One Tuesday morning keynote speaker was Eric Berlow, an ecologist, network scientist, and Cofounder and Chief Science Officer of Vibrant Data. Berlow is internationally recognized for his research on ecological complexity, and his two TED talks on finding hidden patterns in complex data have received more than 2 million views. In his keynote speech, "The Future of AI is Data … In More Ways than You Think," he said "It's not about the algorithms; it's actually all about the data." While acknowledging such problems as biased facial recognition software and the non-transparency of AI algorithms, which he notes were pointed out in the book Weapons of Math Destruction by Cathy O'Neil, he argued that "healthy AI depends on a healthy data ecosystem." He then gave some examples of how the data behind complex algorithms give unexpected, even biased results. You can see his talk and others on the OS Summit YouTube channel [3].
On Wednesday morning Alexander Nitz, a researcher at the Max Planck Institute for Gravitational Physics, presented "Astronomy with Gravitational Waves," an excellent example of open science with open source software.
Presentations
In addition to other keynotes, the conference was filled with high-quality presentations about just about anything you might think of in the world of open source software. One of the more interesting presentations by Andrea Grandi, "Lessons Learned Open Sourcing the UK Government," was about the challenges and problems of moving the UK Government Digital Service to open coding.
Ben Hall took to the stage to talk about Katacoda container security. His talk, "Three Years of Lessons from Running Potentially Malicious Code Inside Containers" was an interesting account of his involvement in the world of DevOps and containers and how the Live environments for cloud-native technologies are vulnerable through the web browser, with the possibility of malicious code being executed from inside the container. He addressed how to monitor and secure these systems and how to prepare for attacks.
The "Debian & Yocto: State of the Art" presentation by Kazuhiro Hayashi, Toshiba Corporation; Manuel Traut, Linutronix GmbH; and Baurzhan Ismagulov, ilbers GmbH, addressed how the Debian distribution is used in the industrial environment for building GNU/Linux-based products, joining together the benefits of existing distributions and tools. Specifically, they spoke about a collaboration in building the Debian-based products ELBE, an embedded Linux build environment, and Isar, an image generator for embedded systems, which both use Deby, a Linux distribution for embedded systems.

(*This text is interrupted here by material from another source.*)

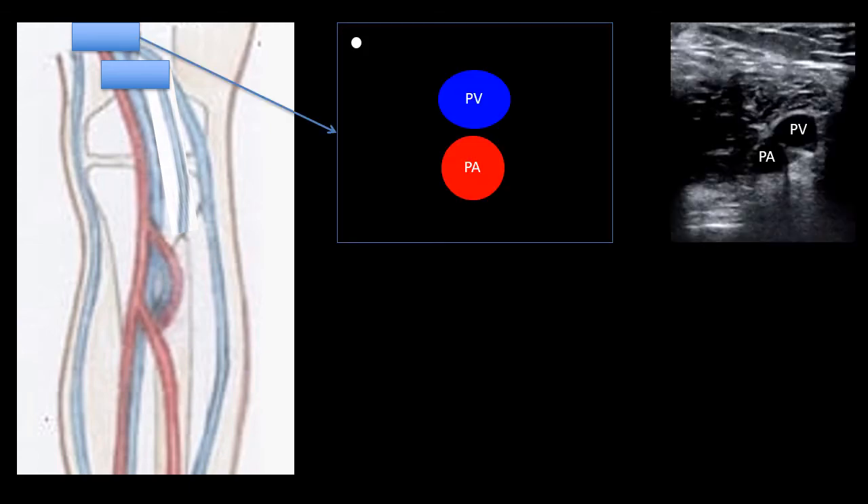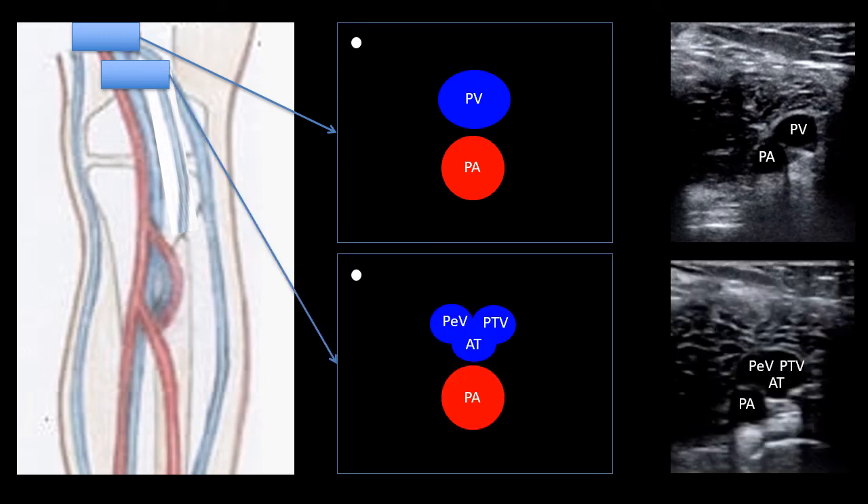That wraps up the femoral region. Next let's take a look at the popliteal vascular anatomy. Here we're looking at the posterior aspect of the right knee. The femoral vein has turned into the popliteal vein, which runs superficial to the popliteal artery. The popliteal vein then splits into the anterior tibial vein and the tibial peroneal trunk, which further divides into the peroneal vein and the posterior tibial vein. Note that this patient's popliteal vein actually runs slightly lateral to her popliteal artery.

The rest of the conference was packed solid with fascinating talks, such as "Coccinelle: 10 Years of Automated Evolution and Bug Finding in the Linux Kernel" with Julia Lawall of Inria, "10 Years of the Industrial I/O Kernel Subsystem" with Jonathan Cameron from Huawei, and "Establishing Image Provenance and Security in Kubernetes" by Adrian Mouat of Container Solutions, among many others too numerous to list here. As usual, participants got to attend many social events that always take place at OS Summit.